BEGIN DATASET ENTRIES
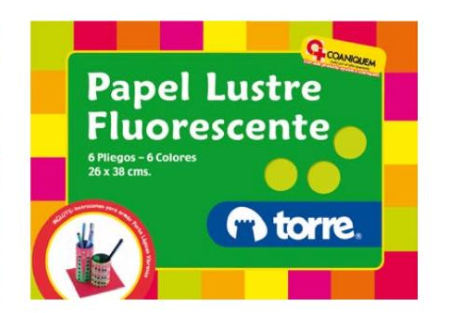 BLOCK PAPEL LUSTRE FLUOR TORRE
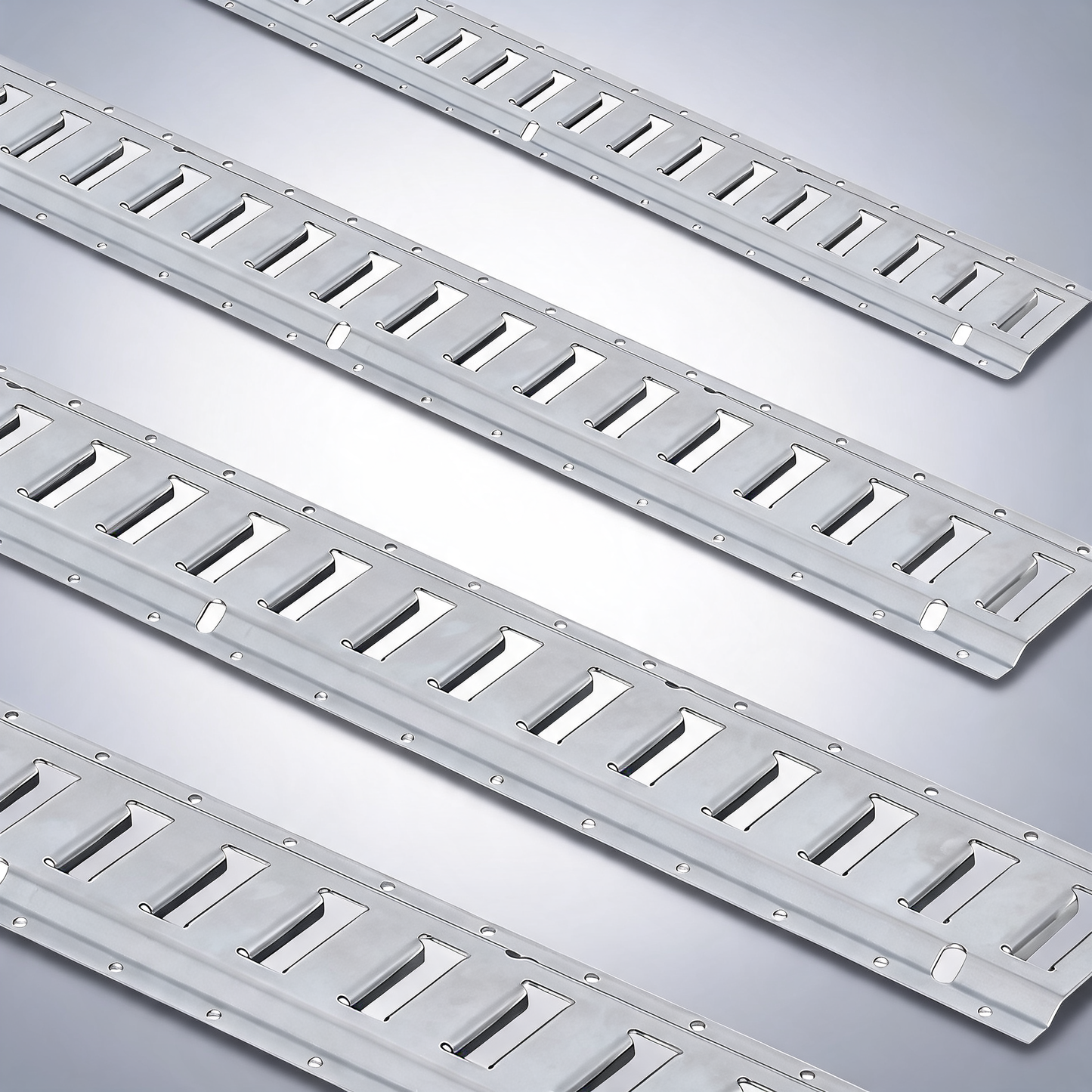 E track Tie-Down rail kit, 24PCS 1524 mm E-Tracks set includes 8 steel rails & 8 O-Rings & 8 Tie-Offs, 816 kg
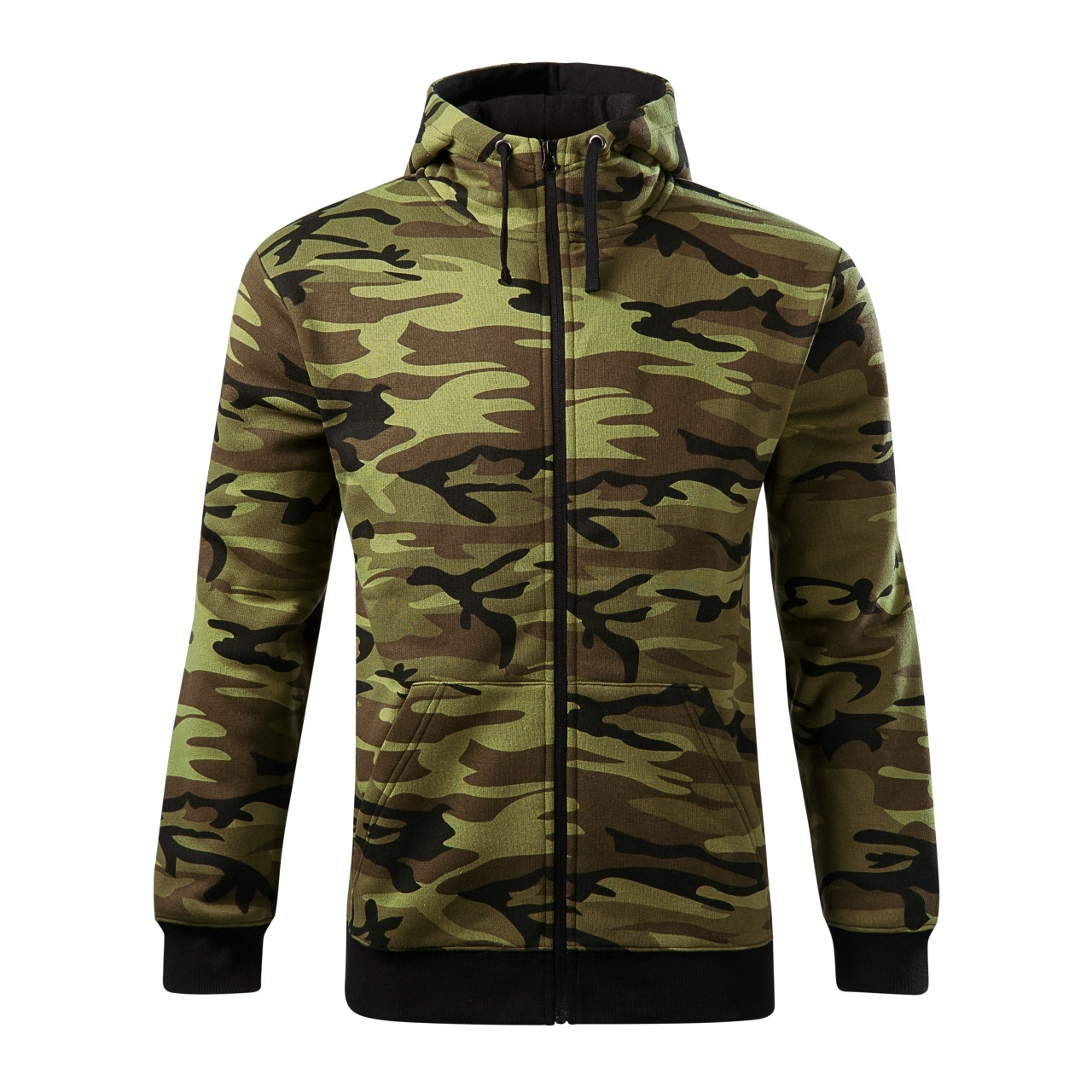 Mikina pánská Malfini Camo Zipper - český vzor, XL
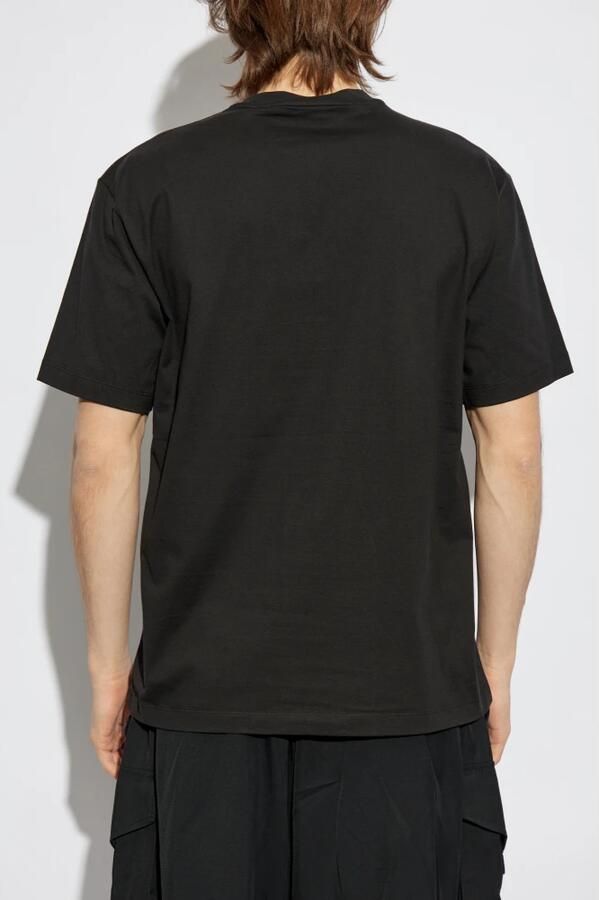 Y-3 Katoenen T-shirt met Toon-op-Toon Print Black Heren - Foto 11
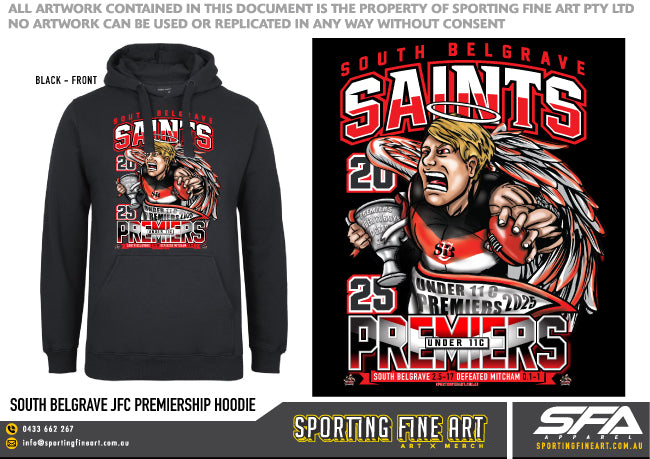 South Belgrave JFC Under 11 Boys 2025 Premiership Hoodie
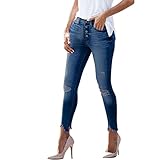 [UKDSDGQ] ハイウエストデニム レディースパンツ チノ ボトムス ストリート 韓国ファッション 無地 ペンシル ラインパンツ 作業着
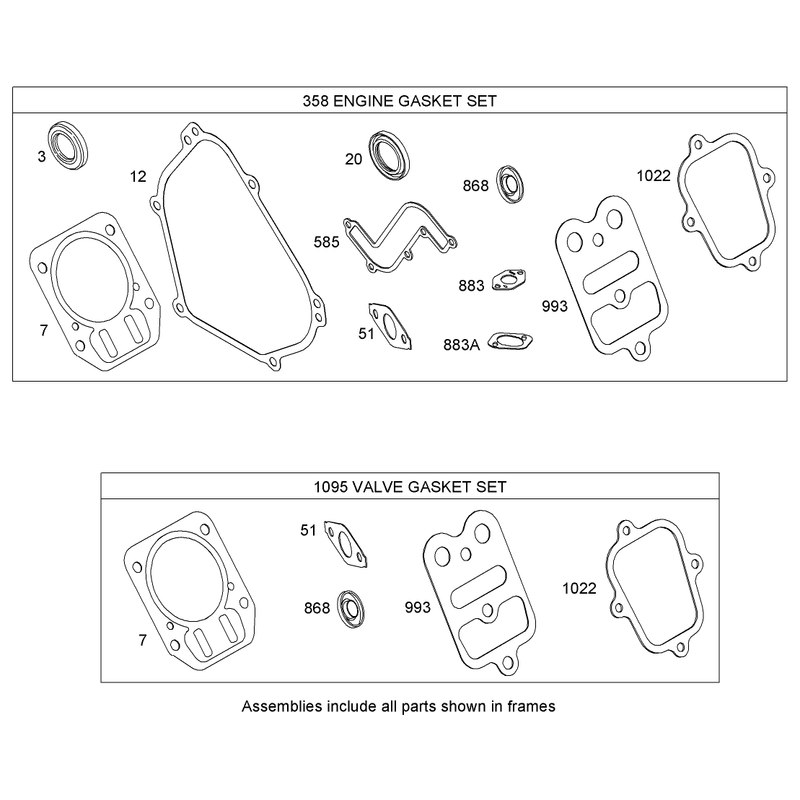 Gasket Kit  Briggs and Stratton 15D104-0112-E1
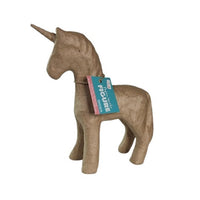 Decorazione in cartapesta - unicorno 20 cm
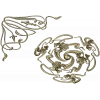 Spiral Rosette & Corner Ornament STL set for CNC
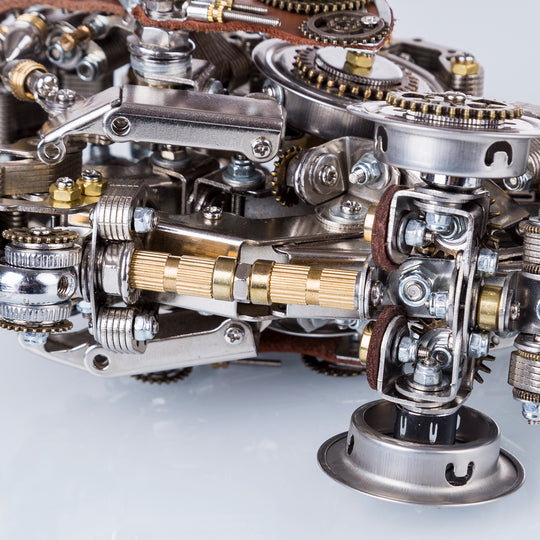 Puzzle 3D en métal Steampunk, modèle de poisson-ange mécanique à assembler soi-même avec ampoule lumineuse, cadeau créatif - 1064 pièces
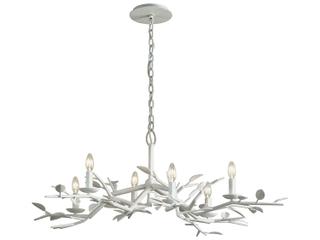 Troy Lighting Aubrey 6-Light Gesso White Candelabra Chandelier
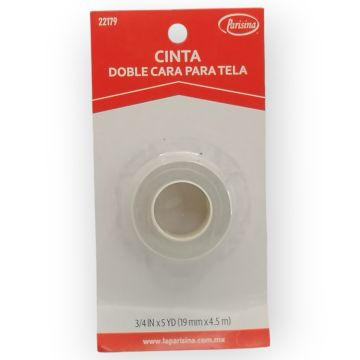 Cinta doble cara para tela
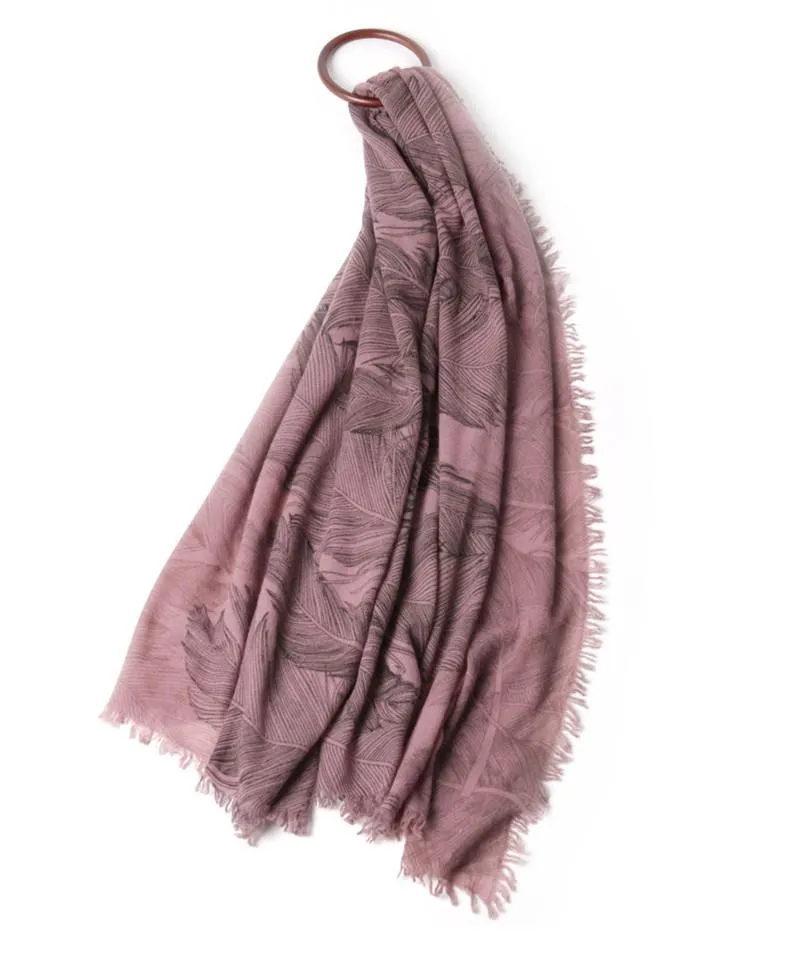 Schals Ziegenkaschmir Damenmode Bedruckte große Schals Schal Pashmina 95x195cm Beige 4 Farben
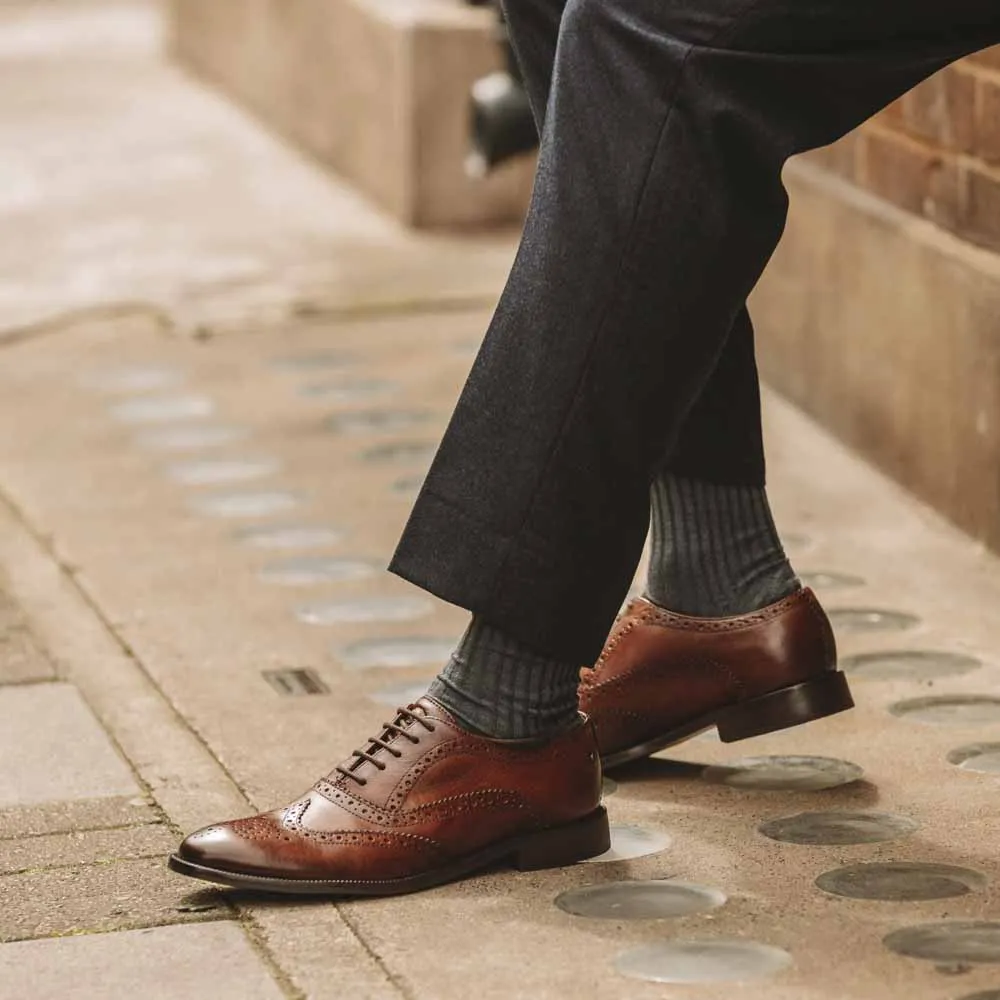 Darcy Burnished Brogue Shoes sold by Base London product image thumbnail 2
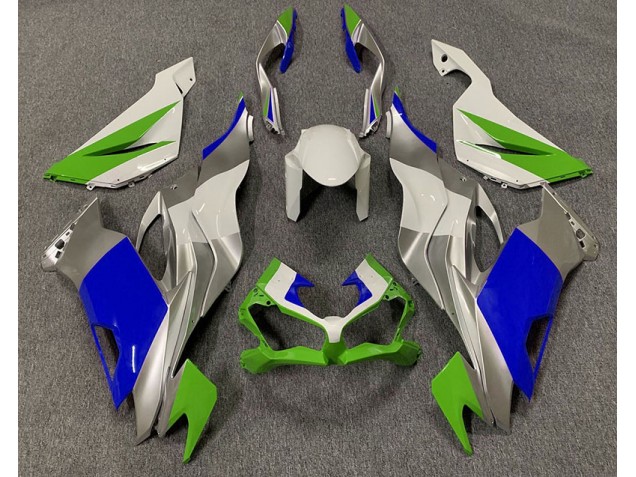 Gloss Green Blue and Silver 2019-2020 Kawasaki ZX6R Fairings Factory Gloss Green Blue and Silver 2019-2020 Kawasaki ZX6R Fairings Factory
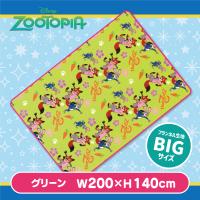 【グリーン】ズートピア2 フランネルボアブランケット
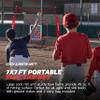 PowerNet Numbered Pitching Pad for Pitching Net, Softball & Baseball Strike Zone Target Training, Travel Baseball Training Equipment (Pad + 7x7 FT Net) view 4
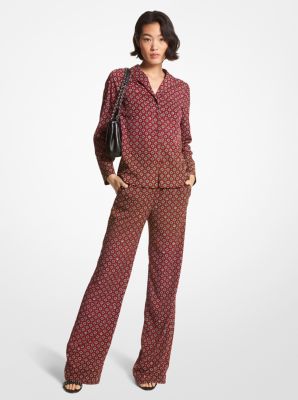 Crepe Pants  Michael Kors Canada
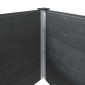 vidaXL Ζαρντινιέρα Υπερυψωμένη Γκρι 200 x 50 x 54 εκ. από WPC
END DATASET ENTRIES
REQUIRED WORK — Extract, character for character, every line from the one that holds "[UKDSDGQ] ハイウエストデニム レディースパンツ" through the end of the entries above. Include both boundary lines and no pictures.

SOLUTION FOR THIS EXERCISE —
 [UKDSDGQ] ハイウエストデニム レディースパンツ チノ ボトムス ストリート 韓国ファッション 無地 ペンシル ラインパンツ 作業着
 Gasket Kit  Briggs and Stratton 15D104-0112-E1
 Decorazione in cartapesta - unicorno 20 cm
 Spiral Rosette & Corner Ornament STL set for CNC
 Puzzle 3D en métal Steampunk, modèle de poisson-ange mécanique à assembler soi-même avec ampoule lumineuse, cadeau créatif - 1064 pièces
 Troy Lighting Aubrey 6-Light Gesso White Candelabra Chandelier
 Cinta doble cara para tela
 Schals Ziegenkaschmir Damenmode Bedruckte große Schals Schal Pashmina 95x195cm Beige 4 Farben
 Darcy Burnished Brogue Shoes sold by Base London product image thumbnail 2
 Gloss Green Blue and Silver 2019-2020 Kawasaki ZX6R Fairings Factory Gloss Green Blue and Silver 2019-2020 Kawasaki ZX6R Fairings Factory
 【グリーン】ズートピア2 フランネルボアブランケット
 PowerNet Numbered Pitching Pad for Pitching Net, Softball & Baseball Strike Zone Target Training, Travel Baseball Training Equipment (Pad + 7x7 FT Net) view 4
 Crepe Pants  Michael Kors Canada
 vidaXL Ζαρντινιέρα Υπερυψωμένη Γκρι 200 x 50 x 54 εκ. από WPC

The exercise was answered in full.